### INPUT
#####

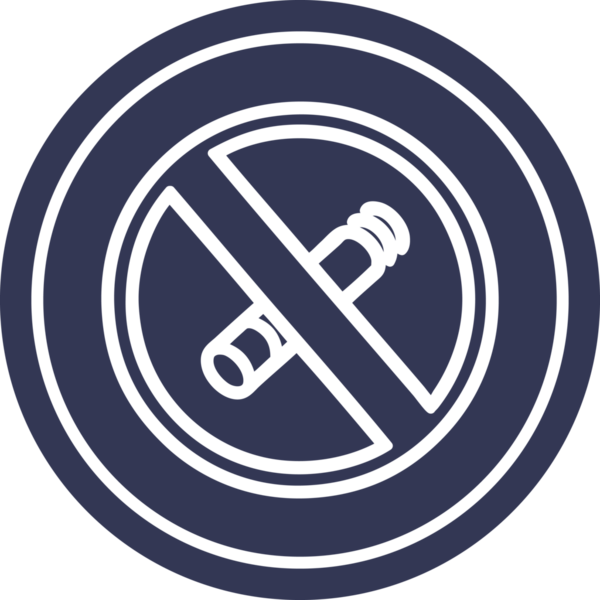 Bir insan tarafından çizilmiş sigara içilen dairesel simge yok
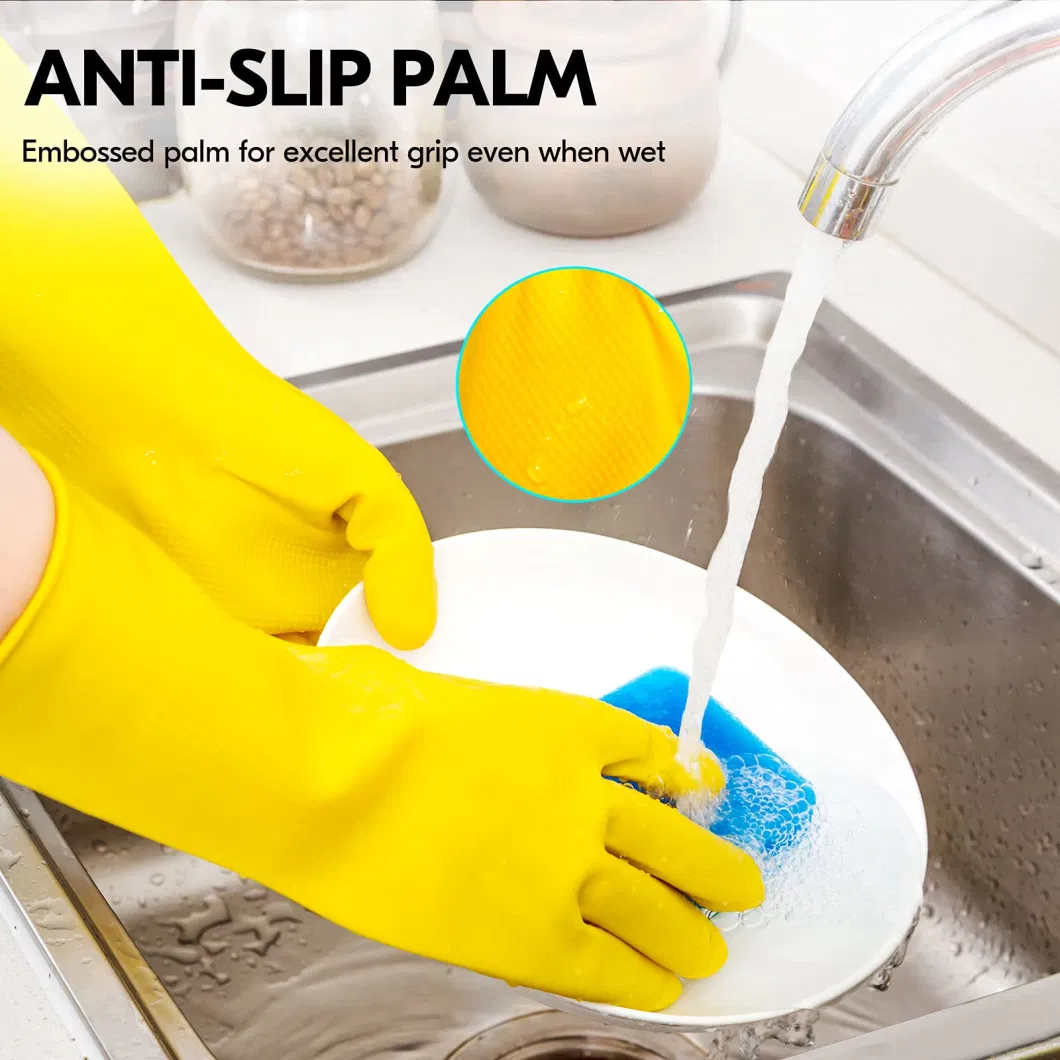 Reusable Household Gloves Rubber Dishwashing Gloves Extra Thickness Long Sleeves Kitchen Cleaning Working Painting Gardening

#####

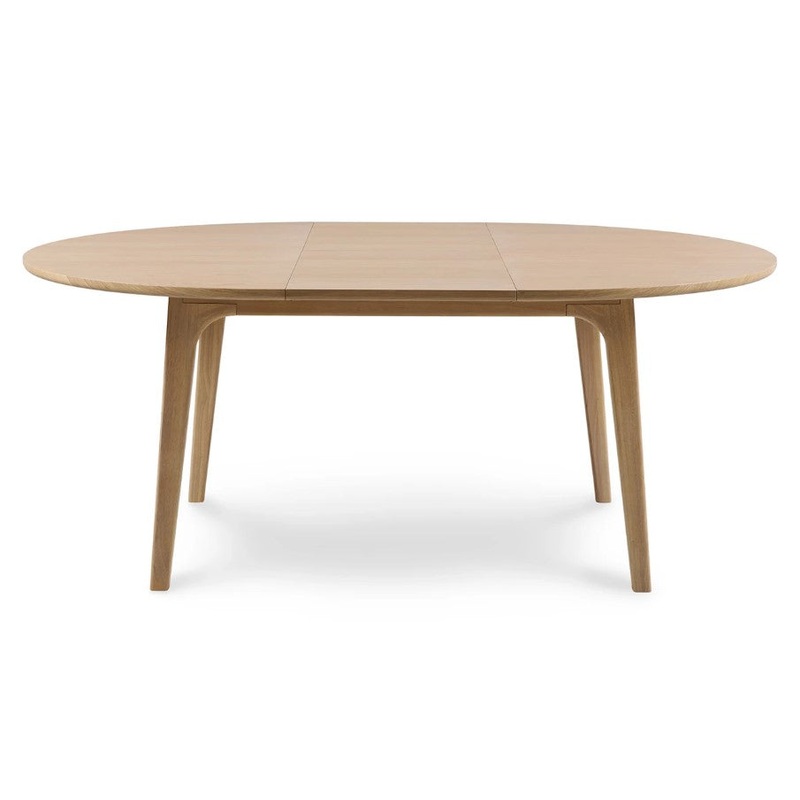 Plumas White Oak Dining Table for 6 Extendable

#####

### REQUIREMENT
Although pictures appear among the entries, please set down only the lines from the one with "Bir insan tarafından" up to and including the one with "Reusable Household Gloves", word for word.

### OUTPUT FOR THIS TASK
 Bir insan tarafından çizilmiş sigara içilen dairesel simge yok
 Reusable Household Gloves Rubber Dishwashing Gloves Extra Thickness Long Sleeves Kitchen Cleaning Working Painting Gardening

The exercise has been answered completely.